Short descriptive text snippets:

++++++++++

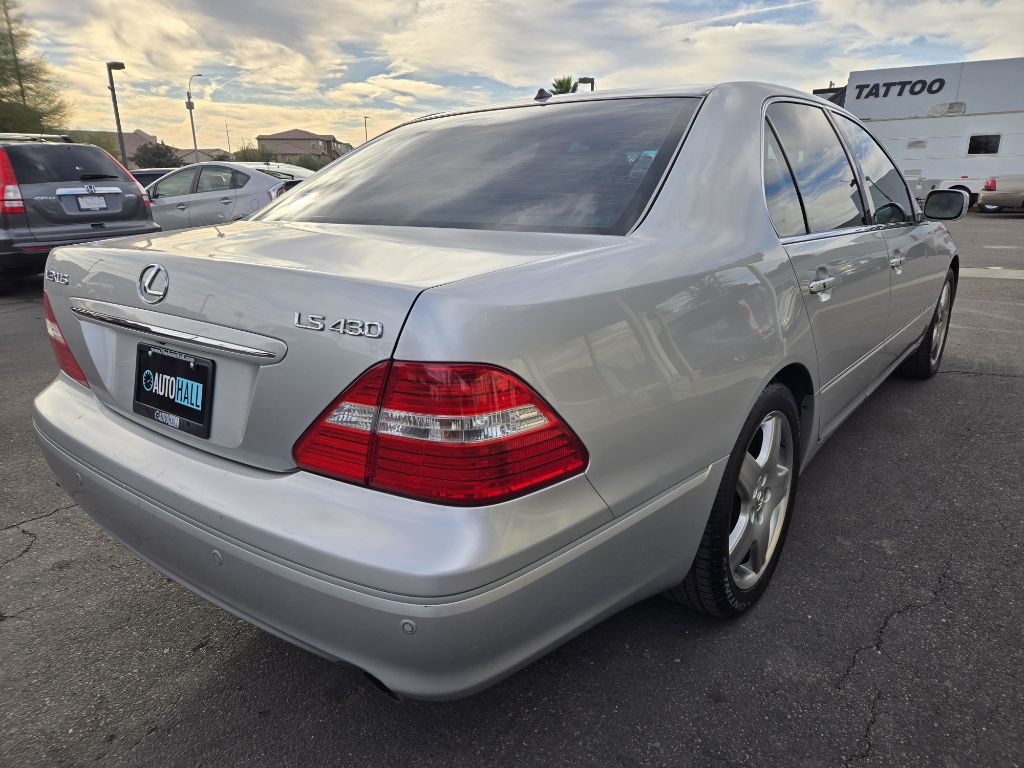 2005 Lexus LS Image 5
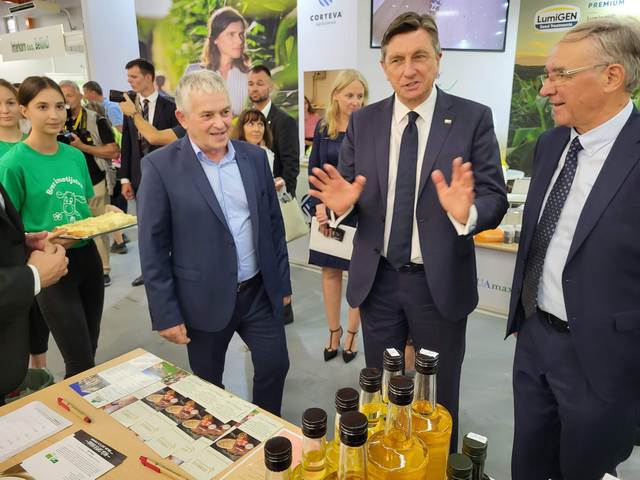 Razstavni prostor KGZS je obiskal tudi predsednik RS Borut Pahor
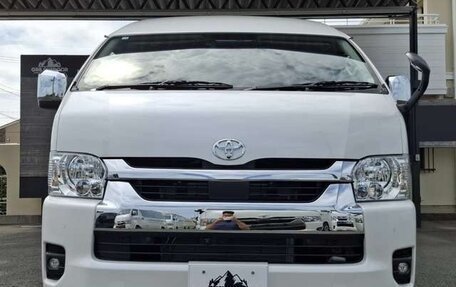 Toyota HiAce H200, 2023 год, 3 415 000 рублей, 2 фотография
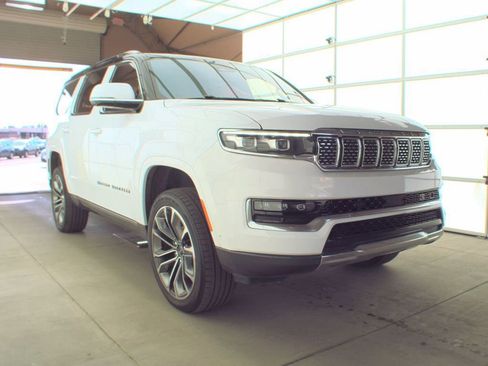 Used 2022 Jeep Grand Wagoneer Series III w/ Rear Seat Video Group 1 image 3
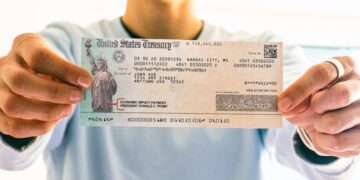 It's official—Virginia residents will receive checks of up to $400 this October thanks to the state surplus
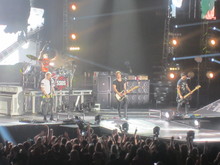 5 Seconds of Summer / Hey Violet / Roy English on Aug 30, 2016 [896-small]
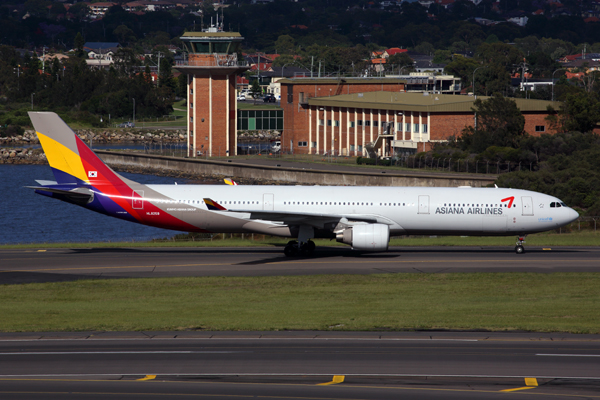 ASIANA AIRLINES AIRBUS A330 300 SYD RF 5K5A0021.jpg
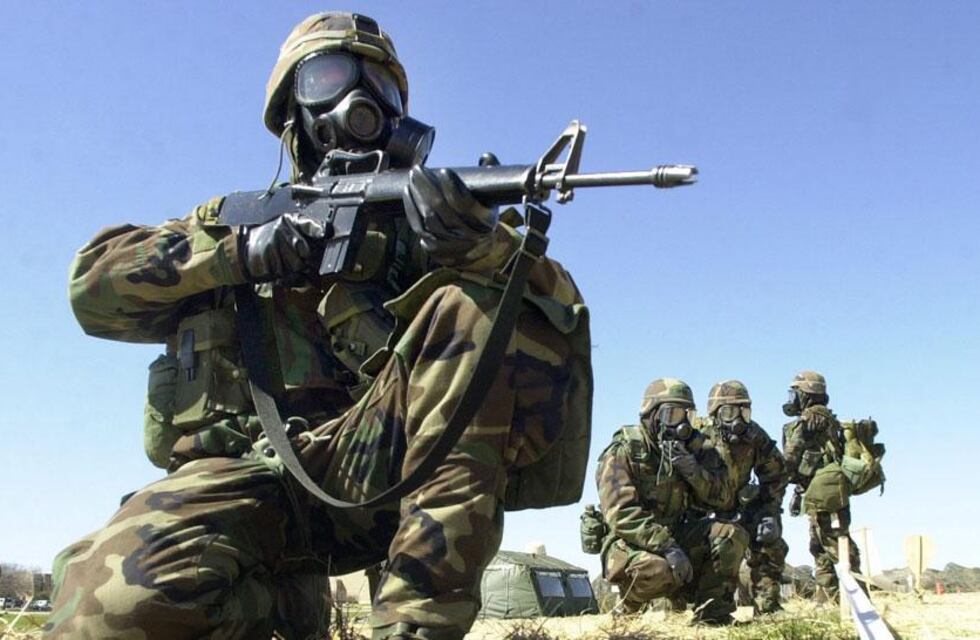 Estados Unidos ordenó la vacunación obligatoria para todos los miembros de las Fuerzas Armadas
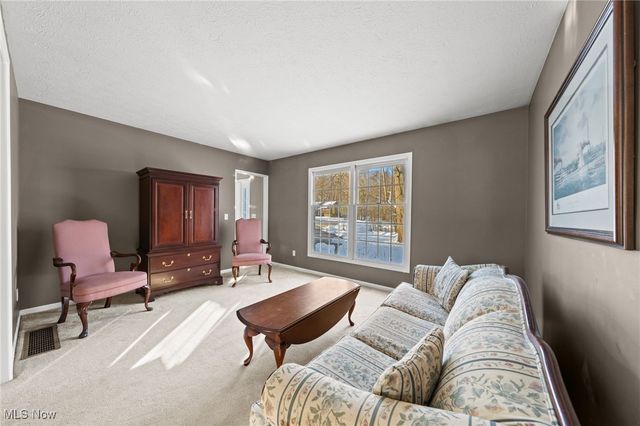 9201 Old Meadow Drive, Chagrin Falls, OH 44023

++++++++++

> _What this task involves_: The answer must consist solely of the lines from the first line of the records through the line containing "ASIANA AIRLINES AIRBUS", reproduced exactly and without the pictures.

> _Solved exercise_:
 2005 Lexus LS Image 5
 Razstavni prostor KGZS je obiskal tudi predsednik RS Borut Pahor
 Toyota HiAce H200, 2023 год, 3 415 000 рублей, 2 фотография
 Used 2022 Jeep Grand Wagoneer Series III w/ Rear Seat Video Group 1 image 3
 It's official—Virginia residents will receive checks of up to $400 this October thanks to the state surplus
 5 Seconds of Summer / Hey Violet / Roy English on Aug 30, 2016 [896-small]
 ASIANA AIRLINES AIRBUS A330 300 SYD RF 5K5A0021.jpg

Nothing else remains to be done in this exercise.